In the absence of blocking molecules such as the prostaglandin PGE 2, the activation of IL-12 by antigen is not a problem. However, the factors that stimulate IL-18 synthesis have been less clear.
Lactoferrin is clearly an important component of our HIV Immunotherapy protocol.
2.Indomethacin
This important anti-inflammatory drug is critically important in the activation of the immune system. First, it inhibits the immunosuppressive Cox-2 enzyme, Second, it does not inhibit NF-kappaB like ibuprofen. Third, it activates the genetic factor EGR -1 which stimulates the synthesis of CD40 LIGAND, a critically important activator of both genetic and innate immunity.
Some background information on the role dendritic cells play in immune reactivity.
Think of circulating dendritic cells as guard dogs. They move all around the property looking for trouble.
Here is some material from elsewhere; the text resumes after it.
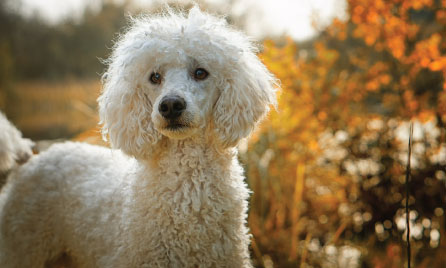 poodle dog breed information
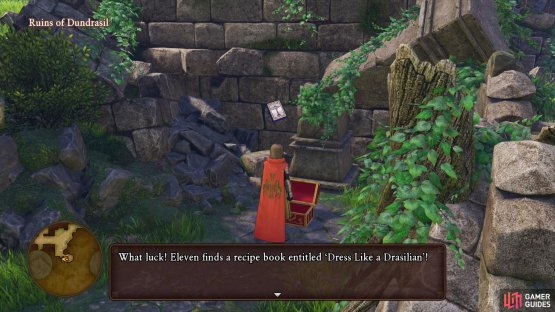 Search under the fallen pillar to the south to find a costume based Recipe Book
Immature dendritic cells, the ones that circulate, have some interesting properties.
First, they have a tremendous ability to ingest cellular debris. Some of this debris is processed as peptide antigens which form a complex with class II histocompatibility antigens on the membranes of the dendritic cells.
Second, these cells possess a high concentration of TOLL receptors on their membranes. TOLL receptors bind a host of different bacterial, viral, and fungal derived products. The activation of TOLL receptors literally tells the dendritic cells that they are under attack by pathogens.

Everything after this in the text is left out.